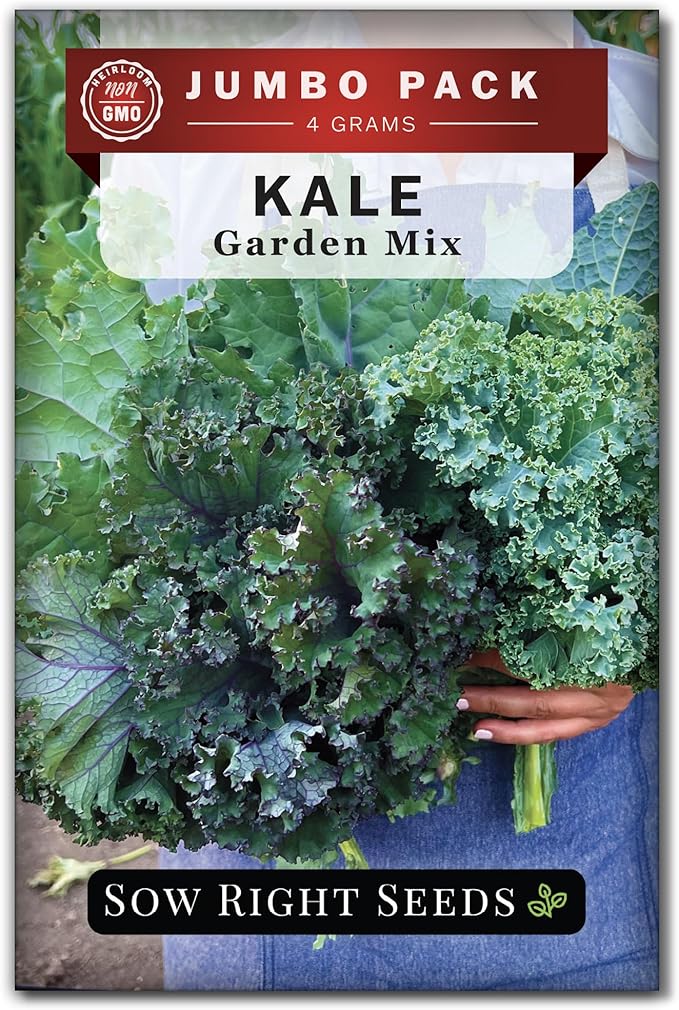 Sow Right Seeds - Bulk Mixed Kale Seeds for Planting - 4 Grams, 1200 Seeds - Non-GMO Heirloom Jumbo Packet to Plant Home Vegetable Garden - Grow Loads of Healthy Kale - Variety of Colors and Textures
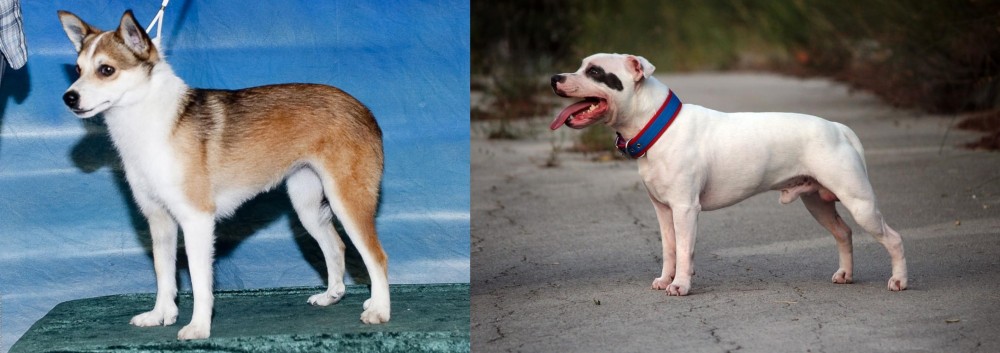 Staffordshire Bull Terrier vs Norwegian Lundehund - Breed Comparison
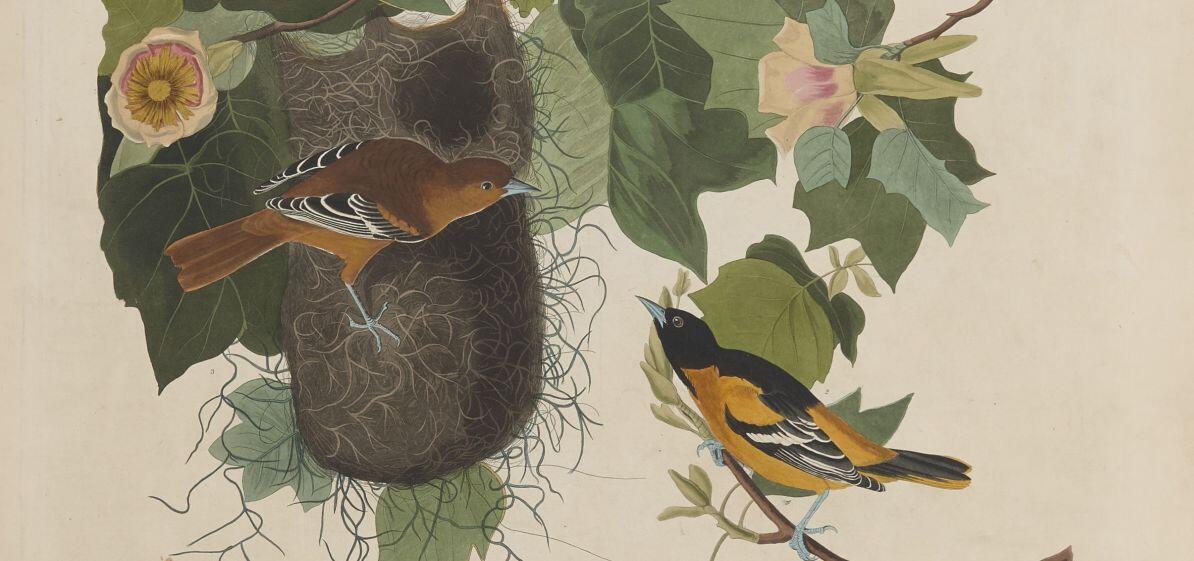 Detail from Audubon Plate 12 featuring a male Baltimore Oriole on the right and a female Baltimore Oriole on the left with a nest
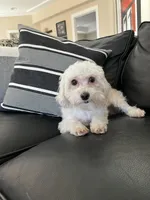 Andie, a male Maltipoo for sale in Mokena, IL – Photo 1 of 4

Work item: Make an exact copy of the data, leaving its pictures out.

Solution below:
 Sow Right Seeds - Bulk Mixed Kale Seeds for Planting - 4 Grams, 1200 Seeds - Non-GMO Heirloom Jumbo Packet to Plant Home Vegetable Garden - Grow Loads of Healthy Kale - Variety of Colors and Textures
 Staffordshire Bull Terrier vs Norwegian Lundehund - Breed Comparison
 Detail from Audubon Plate 12 featuring a male Baltimore Oriole on the right and a female Baltimore Oriole on the left with a nest
 Andie, a male Maltipoo for sale in Mokena, IL – Photo 1 of 4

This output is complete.